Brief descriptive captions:
● ● ● ●
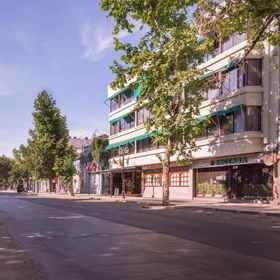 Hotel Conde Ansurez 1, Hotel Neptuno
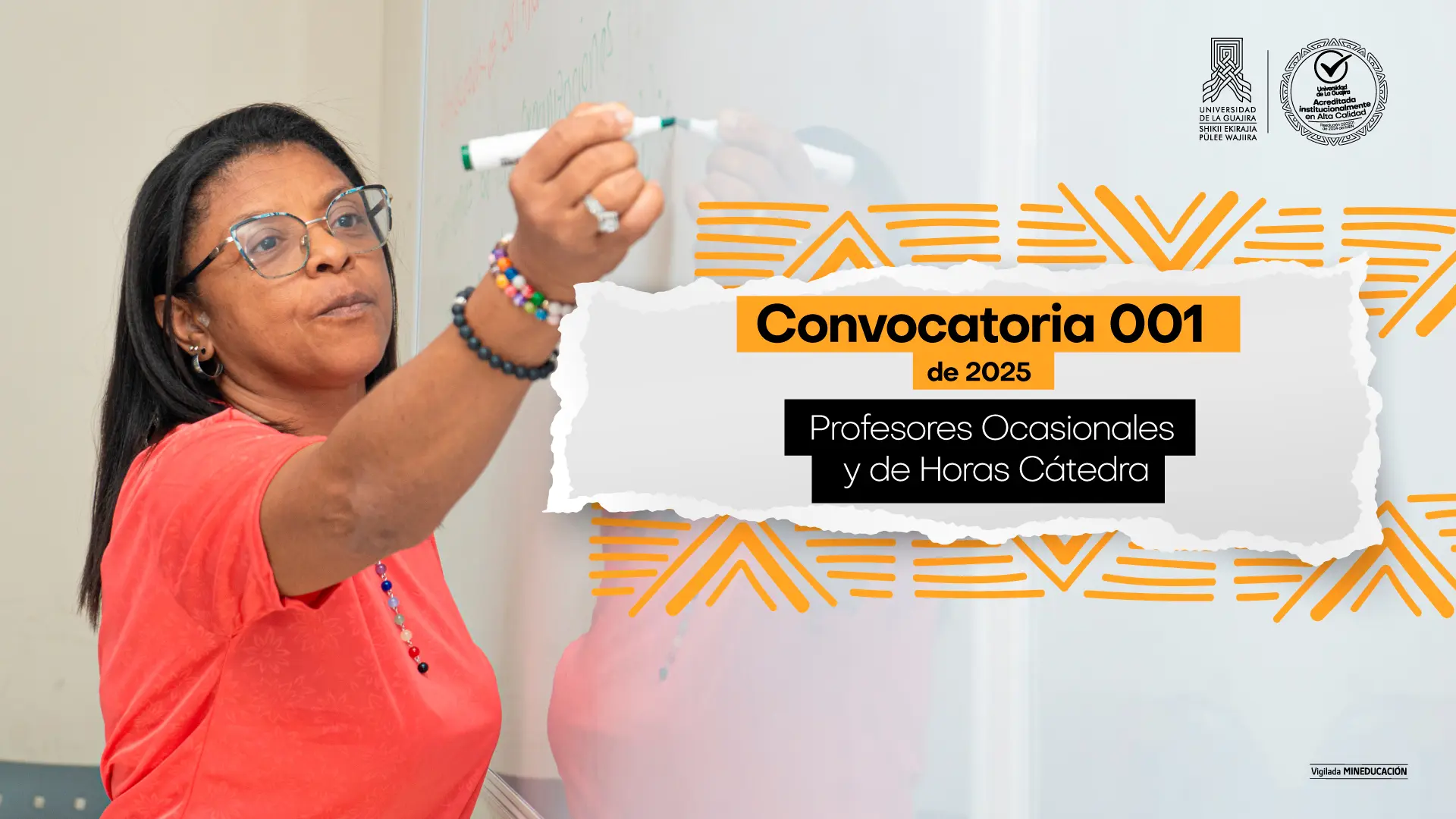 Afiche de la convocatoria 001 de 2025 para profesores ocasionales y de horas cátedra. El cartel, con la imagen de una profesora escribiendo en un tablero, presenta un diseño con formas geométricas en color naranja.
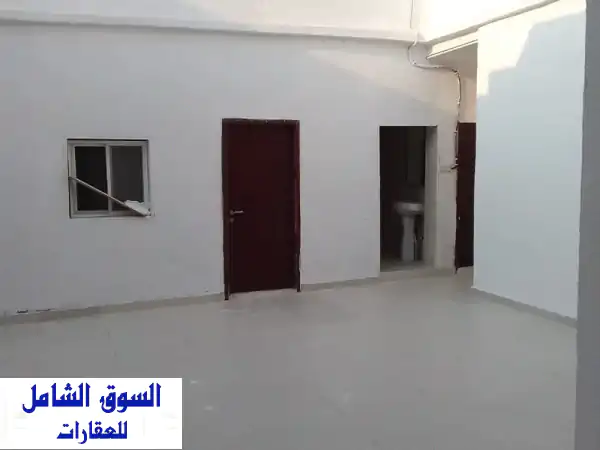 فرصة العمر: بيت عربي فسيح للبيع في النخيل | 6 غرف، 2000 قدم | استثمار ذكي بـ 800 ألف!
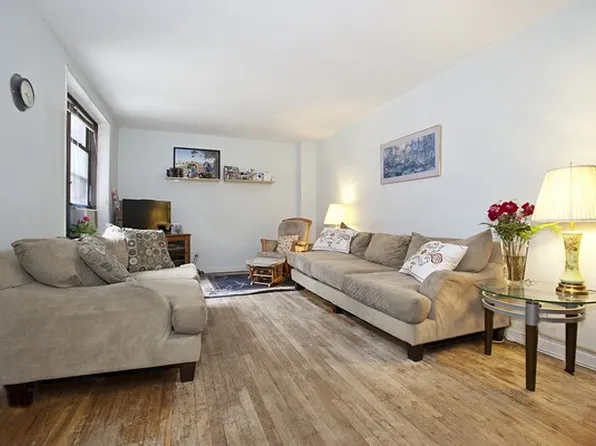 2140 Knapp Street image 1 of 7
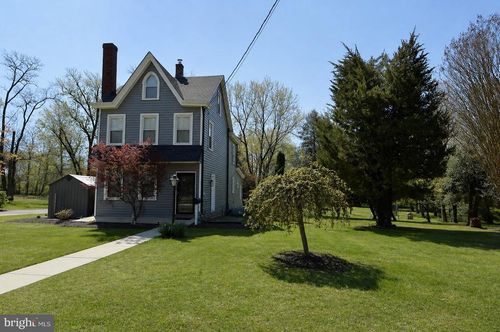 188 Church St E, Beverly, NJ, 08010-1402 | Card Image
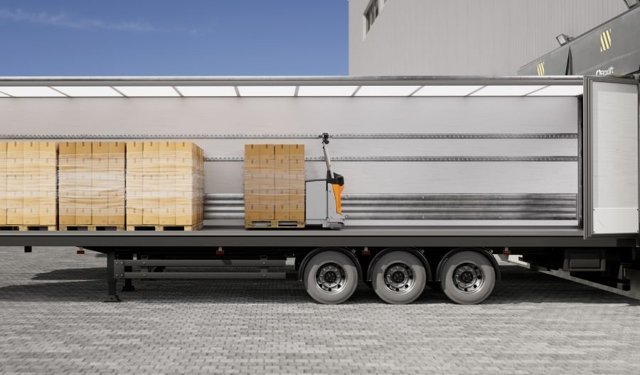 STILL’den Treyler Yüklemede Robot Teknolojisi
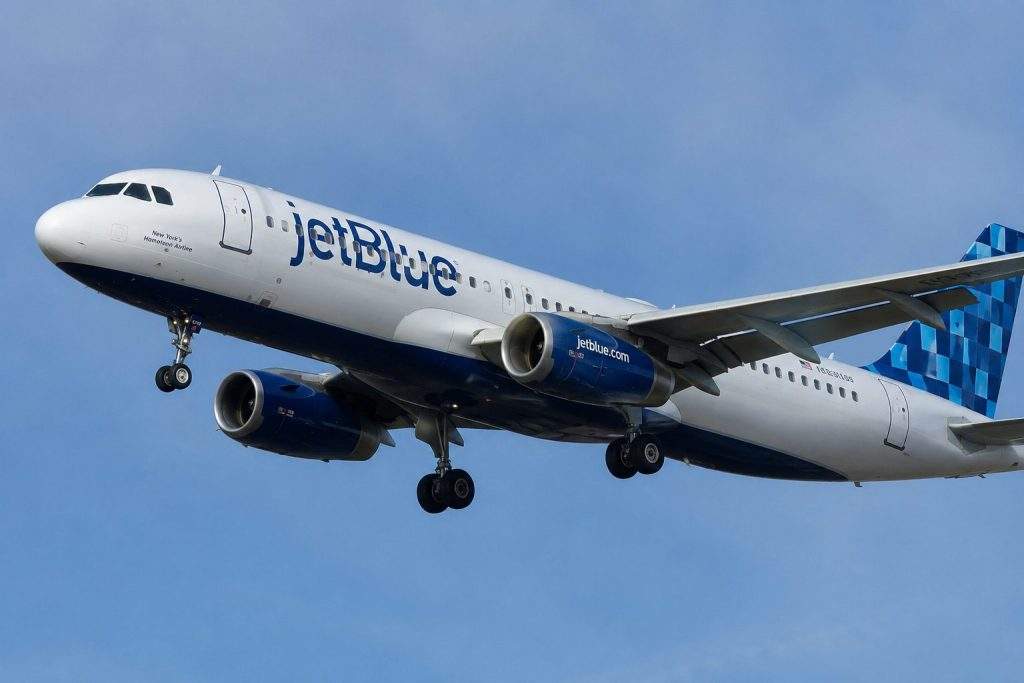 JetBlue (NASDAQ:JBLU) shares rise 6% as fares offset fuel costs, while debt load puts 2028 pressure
● ● ● ●
- Exercise -
Please return the entries above exactly as they appear, but without the pictures.

- Answer -
 Hotel Conde Ansurez 1, Hotel Neptuno
 Afiche de la convocatoria 001 de 2025 para profesores ocasionales y de horas cátedra. El cartel, con la imagen de una profesora escribiendo en un tablero, presenta un diseño con formas geométricas en color naranja.
 فرصة العمر: بيت عربي فسيح للبيع في النخيل | 6 غرف، 2000 قدم | استثمار ذكي بـ 800 ألف!
 2140 Knapp Street image 1 of 7
 188 Church St E, Beverly, NJ, 08010-1402 | Card Image
 STILL’den Treyler Yüklemede Robot Teknolojisi
 JetBlue (NASDAQ:JBLU) shares rise 6% as fares offset fuel costs, while debt load puts 2028 pressure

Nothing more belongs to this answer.